Payments to Directors

EX-10.1 2 d788505dex101.htm EX-10.1 EX-10.1

Exhibit 10.1

Payments to Directors

Non-employee directors of the Company are compensated on the following basis:

(1) Cash Compensation—(a) Non-employee directors are paid $90,000 of their annual retainer in cash in quarterly installments unless a timely election is made under the non-employee director sub-plan of the Torchmark Corporation 2011 Incentive Plan, as amended (2011 Plan) to receive an equivalent amount of market value stock options, restricted stock or restricted stock units (RSUs) or to defer the cash to an interest-bearing account under the terms of that sub-plan of the 2011 Plan; (b) The Lead Director receives an additional $40,000 annual retainer (effective October 1, 2014, prorated for 2014)in cash, payable in quarterly installments; (c) Annual Board committee chair retainers, payable in quarterly installments in cash, are $35,000 for the Audit Committee Chair (effective October 1, 2014, prorated for 2014) and $12,500 for each of the Chairs of the Compensation Committee and the Governance and Nominating Committee (effective October 1, 2014, prorated for 2014); and (d) Members of the Audit Committee (excluding the Chair) receive an additional annual Audit Committee Member Retainer of $12,500 (effective October 1, 2014, prorated for 2014), payable in cash quarterly; and

(2) Equity Compensation—Non-employee directors are paid $120,000 of their annual retainer in equity (effective January 1, 2015), either in the form of market value stock options, restricted stock or RSUs, based on the director’s timely election, with the equity issued on the first NYSE trading day of January of each calendar year valued at the NYSE market closing price of Company common stock on that date. If no timely election is made, the non-employee director receives his or her annual equity compensation in the form of $120,000 of market value stock options awarded on the first NYSE trading day of each year.

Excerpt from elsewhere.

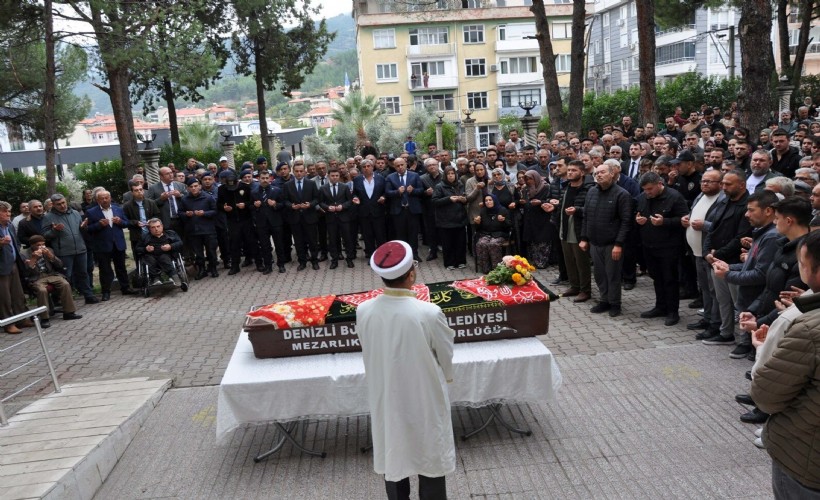 Düğün konvoyundaki kazada ölen Mehmet, son yolculuğuna uğurlandı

Non-employee directors may currently elect to defer all of the cash portion of their annual retainer into an interest-bearing account pursuant to a timely election made under the director subplan. These accounts bear interest at non- preferential rates set from time to time by the Compensation Committee. Such accounts are paid to the director in a lump sum or equal monthly installments for up to 120 months as elected by the director with payments commencing on the earliest of (a) December 31 of the fifth year after the year for which the deferral was made, (b) the first business day of the fourth month after the director’s death or (c) the director’s termination as a non-employee director of the Company or any of its subsidiaries for a reason other than death.

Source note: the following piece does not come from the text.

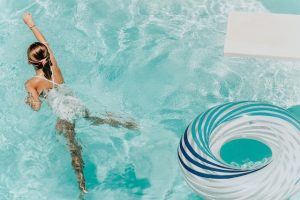 La joie des vacances avec piscine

Non-employee directors do not receive meeting fees or fees for the execution of written consents in lieu of Board meetings or in lieu of Board committee meetings. They receive reimbursement for their travel and lodging expenses if they do not live in the area where a meeting is held.

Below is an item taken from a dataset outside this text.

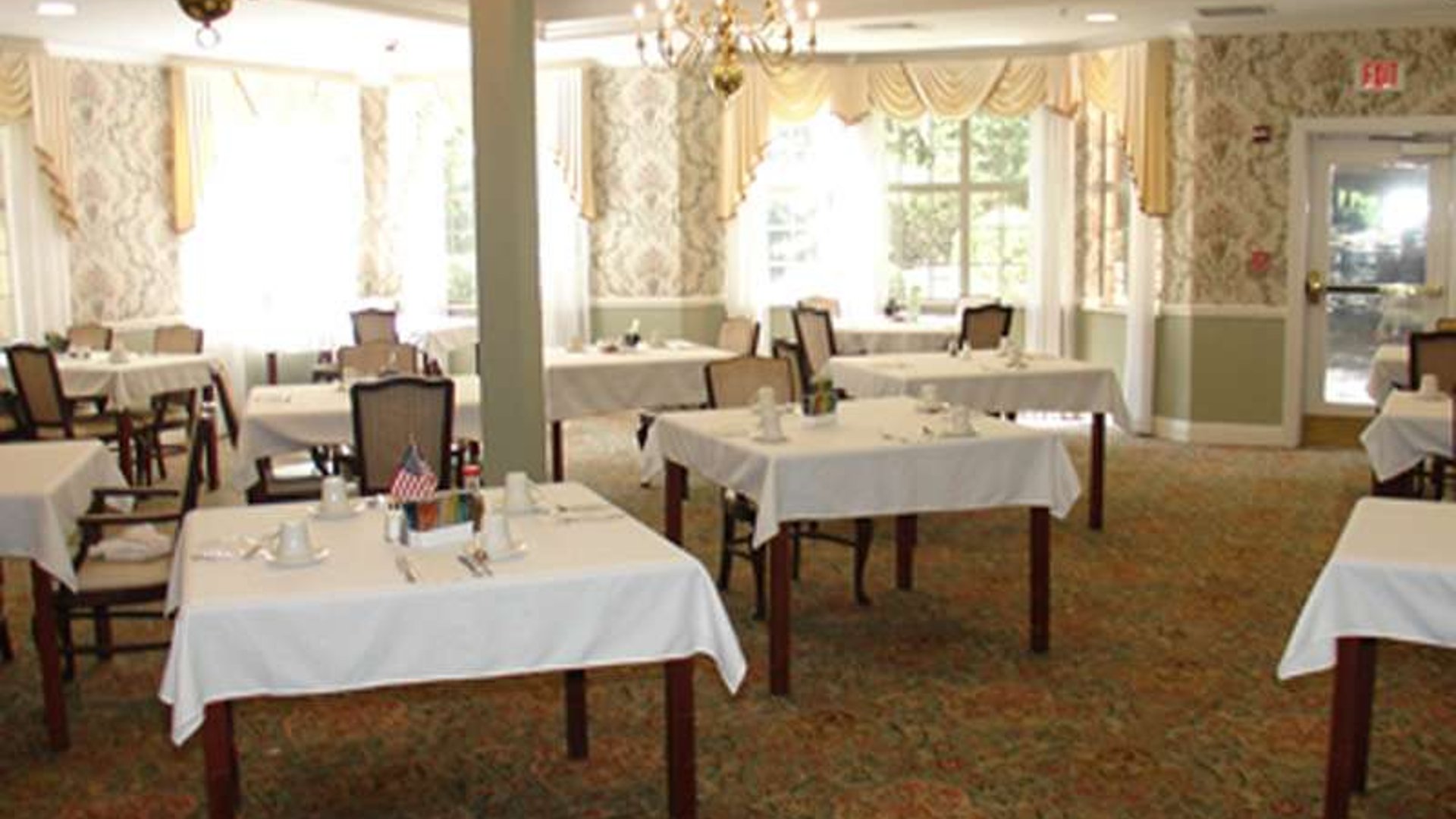 System.Collections.Generic.List`1[AFS.Common.Models.Photo] - Image 3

Pursuant to the non-employee director sub-plan of the 2011 Plan, newly elected non-employee directors receive upon the date of their initial election to the Board $100,000 of restricted stock, valued at the market closing price of Company common stock on that date.

Directors who are employees of Torchmark or its subsidiaries receive no compensation for Board service or for service as Co-Chairmen of the Board.